# Your goal:
Range to output from the entries below: the line containing "Last 7 Days Graph of Nyan X Nyan" through the line containing "रोमसञ्जनन (Promoting hair growth)". Set it down exactly, ends included, nothing else.

# Supplied records:
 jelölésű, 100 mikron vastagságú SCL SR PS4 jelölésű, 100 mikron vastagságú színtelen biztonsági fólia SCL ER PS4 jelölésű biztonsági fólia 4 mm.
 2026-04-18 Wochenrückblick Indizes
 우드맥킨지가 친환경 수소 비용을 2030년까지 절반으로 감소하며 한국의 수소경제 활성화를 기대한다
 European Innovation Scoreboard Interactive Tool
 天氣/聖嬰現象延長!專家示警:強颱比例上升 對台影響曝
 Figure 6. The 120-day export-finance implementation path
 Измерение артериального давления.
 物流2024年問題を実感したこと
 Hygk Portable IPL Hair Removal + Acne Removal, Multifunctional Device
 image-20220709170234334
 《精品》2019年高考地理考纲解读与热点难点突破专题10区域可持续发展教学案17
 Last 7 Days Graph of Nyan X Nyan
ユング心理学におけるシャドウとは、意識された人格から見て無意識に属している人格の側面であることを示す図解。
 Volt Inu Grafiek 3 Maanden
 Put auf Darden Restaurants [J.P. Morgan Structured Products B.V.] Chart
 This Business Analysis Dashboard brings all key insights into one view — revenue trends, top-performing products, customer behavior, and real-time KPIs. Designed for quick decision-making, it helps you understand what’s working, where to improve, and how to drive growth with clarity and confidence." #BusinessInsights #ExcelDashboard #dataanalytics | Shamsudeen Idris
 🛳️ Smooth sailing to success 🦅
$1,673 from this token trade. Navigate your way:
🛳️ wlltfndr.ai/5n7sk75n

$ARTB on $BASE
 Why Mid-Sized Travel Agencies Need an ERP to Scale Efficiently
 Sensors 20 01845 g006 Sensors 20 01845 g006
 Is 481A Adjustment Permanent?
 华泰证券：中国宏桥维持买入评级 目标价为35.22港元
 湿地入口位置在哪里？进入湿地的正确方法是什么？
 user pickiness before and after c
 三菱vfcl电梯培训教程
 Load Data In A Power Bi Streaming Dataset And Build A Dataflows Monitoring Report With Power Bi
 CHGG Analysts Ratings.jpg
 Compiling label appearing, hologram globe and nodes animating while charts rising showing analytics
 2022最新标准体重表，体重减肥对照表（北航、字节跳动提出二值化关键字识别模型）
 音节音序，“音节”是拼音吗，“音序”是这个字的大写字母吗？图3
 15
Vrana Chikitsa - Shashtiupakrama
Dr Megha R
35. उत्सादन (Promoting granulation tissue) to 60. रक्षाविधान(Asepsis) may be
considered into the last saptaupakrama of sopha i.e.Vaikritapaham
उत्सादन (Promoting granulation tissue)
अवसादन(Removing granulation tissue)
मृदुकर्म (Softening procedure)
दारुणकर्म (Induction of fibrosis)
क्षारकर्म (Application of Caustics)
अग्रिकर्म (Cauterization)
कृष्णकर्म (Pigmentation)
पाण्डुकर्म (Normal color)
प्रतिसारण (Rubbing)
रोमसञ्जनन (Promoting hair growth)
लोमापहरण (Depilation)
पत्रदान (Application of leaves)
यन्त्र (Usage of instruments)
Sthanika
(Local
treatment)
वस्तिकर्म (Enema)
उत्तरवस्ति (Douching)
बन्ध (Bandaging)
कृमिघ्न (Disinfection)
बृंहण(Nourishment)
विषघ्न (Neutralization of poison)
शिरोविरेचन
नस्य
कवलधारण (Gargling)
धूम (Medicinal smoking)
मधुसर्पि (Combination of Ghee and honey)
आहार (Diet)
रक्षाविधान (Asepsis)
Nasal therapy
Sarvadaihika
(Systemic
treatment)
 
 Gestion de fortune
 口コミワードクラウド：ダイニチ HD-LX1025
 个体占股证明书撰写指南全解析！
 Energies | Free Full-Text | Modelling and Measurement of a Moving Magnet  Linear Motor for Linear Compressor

# Output for this exercise:
 Last 7 Days Graph of Nyan X Nyan
ユング心理学におけるシャドウとは、意識された人格から見て無意識に属している人格の側面であることを示す図解。
 Volt Inu Grafiek 3 Maanden
 Put auf Darden Restaurants [J.P. Morgan Structured Products B.V.] Chart
 This Business Analysis Dashboard brings all key insights into one view — revenue trends, top-performing products, customer behavior, and real-time KPIs. Designed for quick decision-making, it helps you understand what’s working, where to improve, and how to drive growth with clarity and confidence." #BusinessInsights #ExcelDashboard #dataanalytics | Shamsudeen Idris
 🛳️ Smooth sailing to success 🦅
$1,673 from this token trade. Navigate your way:
🛳️ wlltfndr.ai/5n7sk75n

$ARTB on $BASE
 Why Mid-Sized Travel Agencies Need an ERP to Scale Efficiently
 Sensors 20 01845 g006 Sensors 20 01845 g006
 Is 481A Adjustment Permanent?
 华泰证券：中国宏桥维持买入评级 目标价为35.22港元
 湿地入口位置在哪里？进入湿地的正确方法是什么？
 user pickiness before and after c
 三菱vfcl电梯培训教程
 Load Data In A Power Bi Streaming Dataset And Build A Dataflows Monitoring Report With Power Bi
 CHGG Analysts Ratings.jpg
 Compiling label appearing, hologram globe and nodes animating while charts rising showing analytics
 2022最新标准体重表，体重减肥对照表（北航、字节跳动提出二值化关键字识别模型）
 音节音序，“音节”是拼音吗，“音序”是这个字的大写字母吗？图3
 15
Vrana Chikitsa - Shashtiupakrama
Dr Megha R
35. उत्सादन (Promoting granulation tissue) to 60. रक्षाविधान(Asepsis) may be
considered into the last saptaupakrama of sopha i.e.Vaikritapaham
उत्सादन (Promoting granulation tissue)
अवसादन(Removing granulation tissue)
मृदुकर्म (Softening procedure)
दारुणकर्म (Induction of fibrosis)
क्षारकर्म (Application of Caustics)
अग्रिकर्म (Cauterization)
कृष्णकर्म (Pigmentation)
पाण्डुकर्म (Normal color)
प्रतिसारण (Rubbing)
रोमसञ्जनन (Promoting hair growth)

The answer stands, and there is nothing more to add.